[Start of section]

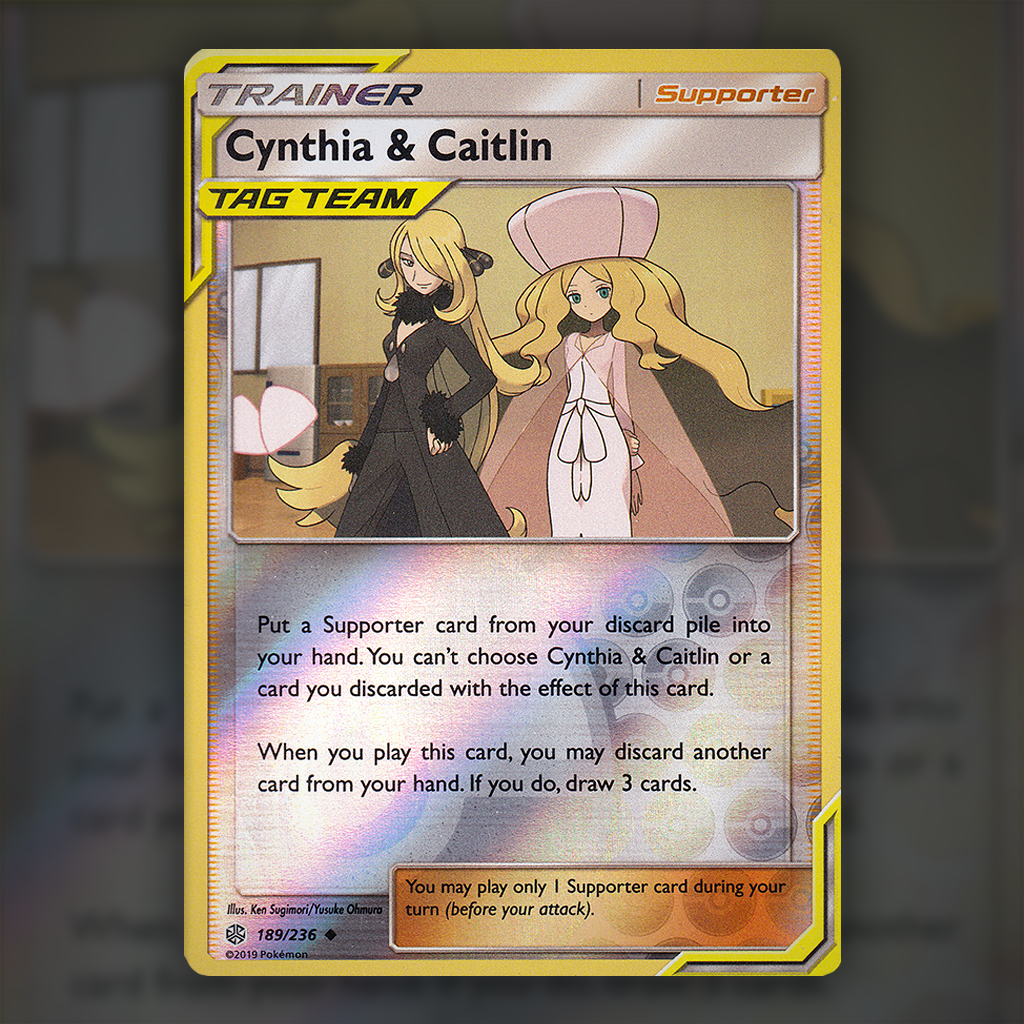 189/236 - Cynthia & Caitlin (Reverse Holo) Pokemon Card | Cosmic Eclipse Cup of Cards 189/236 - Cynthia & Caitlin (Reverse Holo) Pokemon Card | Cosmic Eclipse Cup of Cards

[End of section]
[Start of section]

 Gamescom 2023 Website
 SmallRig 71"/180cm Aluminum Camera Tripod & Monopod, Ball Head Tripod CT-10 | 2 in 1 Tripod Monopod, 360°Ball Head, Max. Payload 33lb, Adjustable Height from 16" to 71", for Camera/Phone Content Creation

[End of section]

■ How to complete this task
Keep both end lines and retype everything in the records above from the line containing "Gamescom 2023 Website" through the line containing "Camera/Phone Content Creation", exactly, with nothing else.

■ Response to this exercise
 Gamescom 2023 Website
 SmallRig 71"/180cm Aluminum Camera Tripod & Monopod, Ball Head Tripod CT-10 | 2 in 1 Tripod Monopod, 360°Ball Head, Max. Payload 33lb, Adjustable Height from 16" to 71", for Camera/Phone Content Creation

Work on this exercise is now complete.